Full pipeline: num_requests == injected_requests + rejected_requests (from anomaly counters).

Verification: sim/cluster/cluster_test.go — conservation tests. Conservation fields (still_queued, still_running, injected_requests) are included in CLI JSON output.

Evidence: Issue #183 — a silently-dropped request violated conservation for months.

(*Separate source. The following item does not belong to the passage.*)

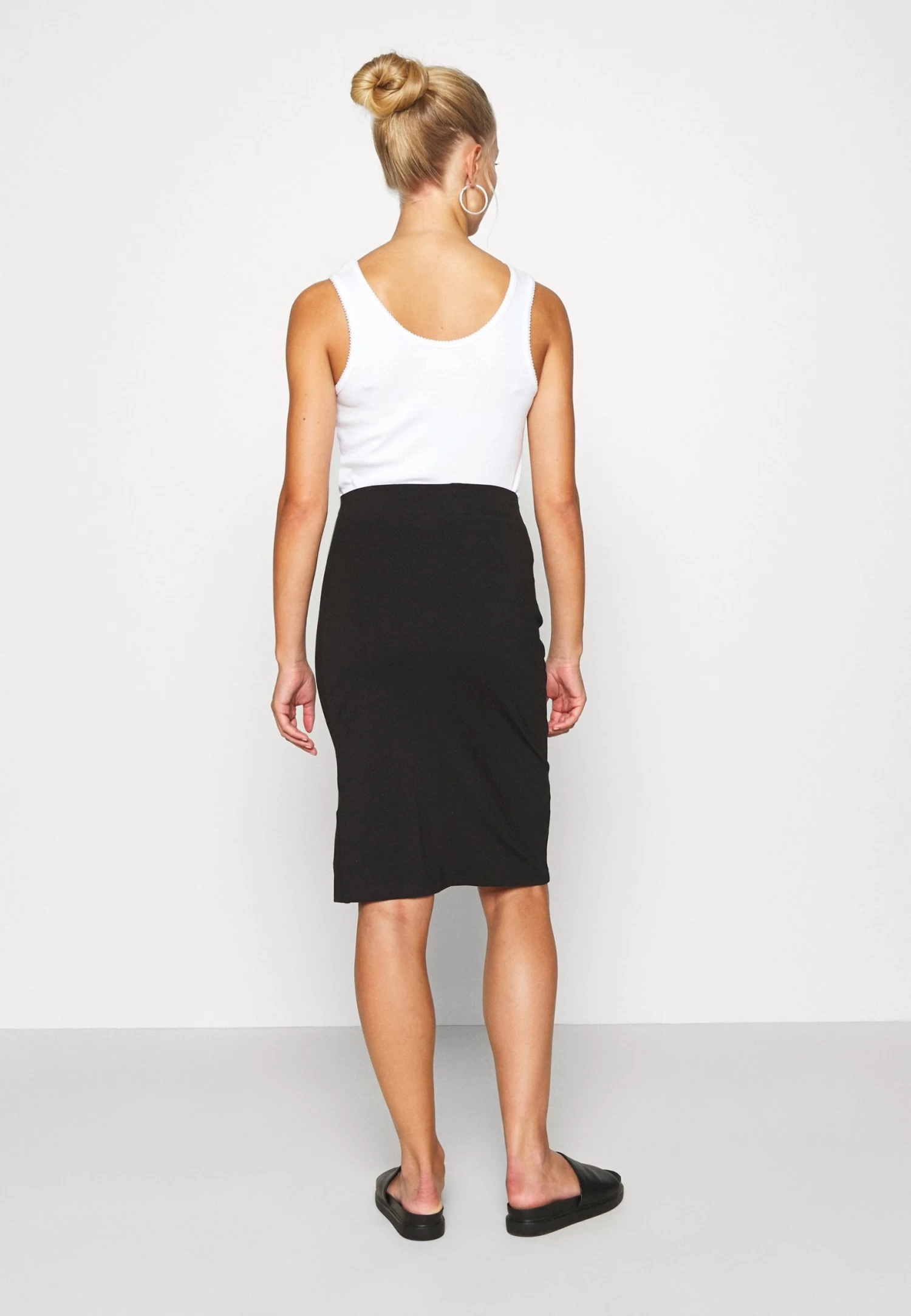 Even&Odd Basic - Midi Skirt With Slit - Gonna A Tubino - Black - immagine 3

Experimental validation: H12 confirmed conservation across 10 policy configurations (67 invariant checks) — including round-robin, least-loaded, weighted (multiple scorer configs), SJF, priority-FCFS, token-bucket admission, and always-busiest. H8 confirmed conservation under extreme KV pressure (15 configurations). Full preemption-path validation is blocked by the panic bug (#293).

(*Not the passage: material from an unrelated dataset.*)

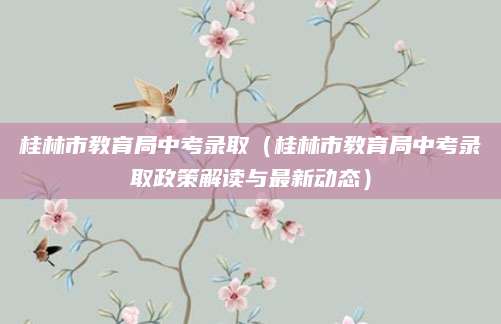 桂林市教育局中考录取（桂林市教育局中考录取政策解读与最新动态）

Additional evidence (hardening wave): Issue #498, fix #504 — InjectArrival silently accepted requests with ArrivalTime > Horizon, registering them in Metrics.Requests but never firing the arrival event. This broke conservation accounting (LHS included the request, RHS never completed it). Fix: log warning on beyond-horizon injection.


INV-2: Request Lifecycle

Statement: Requests transition queued -> running -> completed. No invalid transitions. Requests not completed before horizon remain in current state.

Verification: State machine assertions in request processing code.


INV-3: Clock Monotonicity

Statement: Simulation clock never decreases. Every event's timestamp >= the previous event's timestamp.

Verification: Clock is advanced in the event loop only via min-heap extraction, which guarantees non-decreasing order.


INV-4: KV Cache Conservation

Statement: allocated_blocks + free_blocks = total_blocks at all times.

Verification: Checked after every allocation/deallocation. Check-then-act pre-check gate before any state mutation (vLLM parity); post-pre-check popFreeBlock() == nil panics (structurally unreachable in single-threaded DES). FreeBlockCnt maintained in lockstep by appendToFreeList/removeFromFreeList. verifyBlockConservation() provides independent free-list walk for debug-mode assertions.

Operational note (H8): KV cache pressure exhibits a sharp cliff, not gradual degradation. In H8's workload, performance was identical above ~2200 blocks and collapsed below it (4.7x TTFT P99 increase with just 4.5% fewer blocks). Below ~1000 blocks, the preempt-requeue cycle can livelock (see R19). Capacity planning formula: threshold ≈ rate / num_instances × (input_tokens + output_tokens) / block_size.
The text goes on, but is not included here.